Structured Denoising Diffusion Models in Discrete State-Spaces

Authors: Jacob Austin, Daniel D. Johnson, Jonathan Ho, Daniel Tarlow, Rianne van den Berg

NeurIPS 2021 | Conference PDF | Archive PDF | Plain Text | LLM Run Details

Reproducibility Variable Result LLM Response
Research Type Experimental We strongly outperform various non-autoregressive baselines for text generation on character-level text generation, and successfully scale discrete diffusion models to large vocabularies and long sequence lengths. We also achieve strong results on the image dataset CIFAR-10, approaching or exceeding the Gaussian diffusion model from Ho et al. [17] on log-likelihoods and sample quality.
Researcher Affiliation Industry Google Research, Brain Team {jaaustin,ddjohnson,jonathanho,dtarlow,riannevdberg}@google.com
Pseudocode No The paper does not contain structured pseudocode or algorithm blocks.
Open Source Code Yes Our implementation of D3PM framework is available at https://github.com/google-research/google-research/tree/master/d3pm.
Open Datasets Yes For text, we experiment with generation on two datasets: text8 [26], a character-level dataset extracted from English-language Wikipedia, and the One Billion Word dataset (LM1B) [6], a large dataset of shuffled English-language sentences. We evaluate the performance of several D3PM models on the task of unconditional image generation with the dataset CIFAR-10 [25].
Dataset Splits No The paper does not provide specific dataset split information (exact percentages, sample counts, citations to predefined splits beyond general dataset names, or detailed splitting methodology) needed to reproduce the data partitioning. It mentions "training and evaluating text8 in chunks" and "trained and evaluated on packed sequences" but lacks explicit split details.
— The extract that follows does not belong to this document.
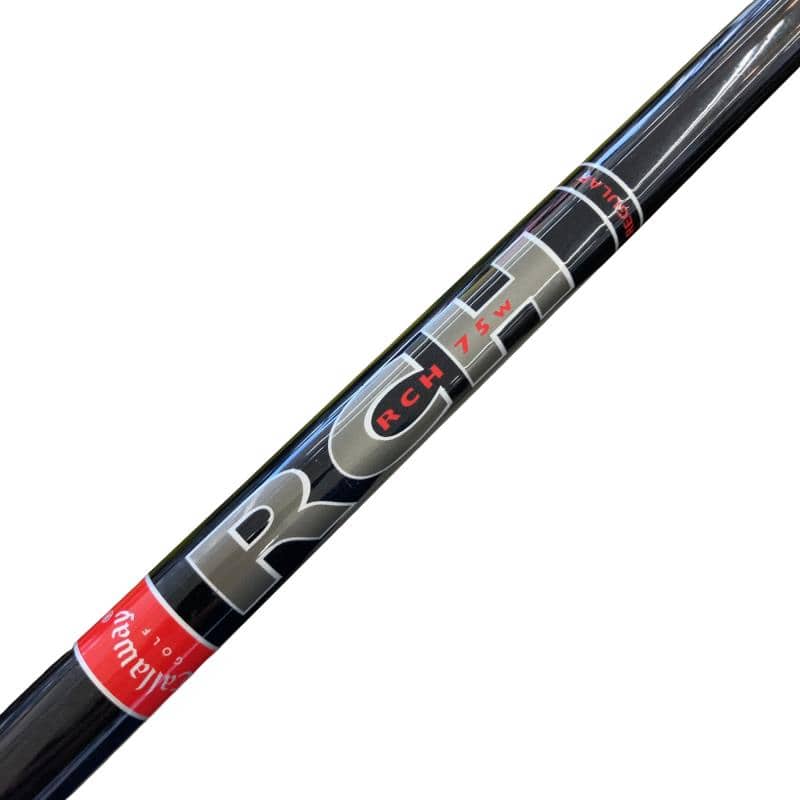 ahf@adqsg`iQOOSj@Tv@tr`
Hardware Specification No The paper does not provide specific hardware details (exact GPU/CPU models, processor types with speeds, memory amounts, or detailed computer specifications) used for running its experiments.
Software Dependencies No The paper mentions "sentencepiece" (with a footnote linking to its GitHub) but does not provide specific version numbers for it or any other key software dependencies or libraries used to replicate the experiment.
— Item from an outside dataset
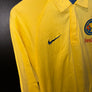 CLUB AMERICA 2002-2003 ORIGINAL JERSEY SIZE L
Experiment Setup Yes We follow Hoogeboom et al. [18] and use T = 1000 timesteps, although we are also able to evaluate on fewer due to the parameterization in Section 3.3. All models were trained and evaluated on packed sequences of length 128, using a sentencepiece6 vocabulary of size 8192. We trained both D3PM absorbing and D3PM Gauss with the alternative loss function Lλ of (5), and we found λ = 0.001 to work best. See Appendix B.1 for more details on the experimental setup.